▶ [Exercise]:
Copy the lines of the entries exactly, from the opening one to the one holding "Hi, this is", and leave out everything after.
******************************
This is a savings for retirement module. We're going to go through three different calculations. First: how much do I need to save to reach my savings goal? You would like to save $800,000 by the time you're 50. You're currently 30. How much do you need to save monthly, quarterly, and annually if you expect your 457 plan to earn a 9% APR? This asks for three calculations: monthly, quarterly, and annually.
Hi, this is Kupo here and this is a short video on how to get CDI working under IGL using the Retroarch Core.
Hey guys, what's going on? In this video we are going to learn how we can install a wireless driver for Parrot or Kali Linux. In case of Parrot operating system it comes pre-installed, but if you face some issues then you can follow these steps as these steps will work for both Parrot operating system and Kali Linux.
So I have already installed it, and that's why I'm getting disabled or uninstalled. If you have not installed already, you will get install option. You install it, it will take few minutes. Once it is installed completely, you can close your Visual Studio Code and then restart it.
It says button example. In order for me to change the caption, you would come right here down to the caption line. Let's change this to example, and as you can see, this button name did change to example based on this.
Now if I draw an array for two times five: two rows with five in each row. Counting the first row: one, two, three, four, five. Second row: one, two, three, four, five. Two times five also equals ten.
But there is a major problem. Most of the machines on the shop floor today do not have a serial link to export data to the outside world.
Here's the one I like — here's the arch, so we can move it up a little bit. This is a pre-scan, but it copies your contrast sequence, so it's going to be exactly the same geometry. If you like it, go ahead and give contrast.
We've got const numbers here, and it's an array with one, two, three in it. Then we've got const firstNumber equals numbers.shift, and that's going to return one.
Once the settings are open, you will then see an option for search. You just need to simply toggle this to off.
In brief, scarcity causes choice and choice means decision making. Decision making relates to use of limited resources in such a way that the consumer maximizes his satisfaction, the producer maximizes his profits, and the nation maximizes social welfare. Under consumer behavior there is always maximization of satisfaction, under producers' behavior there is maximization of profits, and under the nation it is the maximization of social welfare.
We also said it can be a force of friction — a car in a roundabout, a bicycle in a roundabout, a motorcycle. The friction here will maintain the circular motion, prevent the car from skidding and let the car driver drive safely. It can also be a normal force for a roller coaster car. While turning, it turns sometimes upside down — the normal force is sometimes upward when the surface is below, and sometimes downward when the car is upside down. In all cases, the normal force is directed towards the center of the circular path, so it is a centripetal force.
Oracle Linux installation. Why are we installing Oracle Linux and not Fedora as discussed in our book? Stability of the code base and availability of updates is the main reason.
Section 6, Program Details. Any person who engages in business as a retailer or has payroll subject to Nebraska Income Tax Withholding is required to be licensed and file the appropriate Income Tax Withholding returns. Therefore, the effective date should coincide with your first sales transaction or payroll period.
******************************
▶ [Problem solution]:
This is a savings for retirement module. We're going to go through three different calculations. First: how much do I need to save to reach my savings goal? You would like to save $800,000 by the time you're 50. You're currently 30. How much do you need to save monthly, quarterly, and annually if you expect your 457 plan to earn a 9% APR? This asks for three calculations: monthly, quarterly, and annually.
Hi, this is Kupo here and this is a short video on how to get CDI working under IGL using the Retroarch Core.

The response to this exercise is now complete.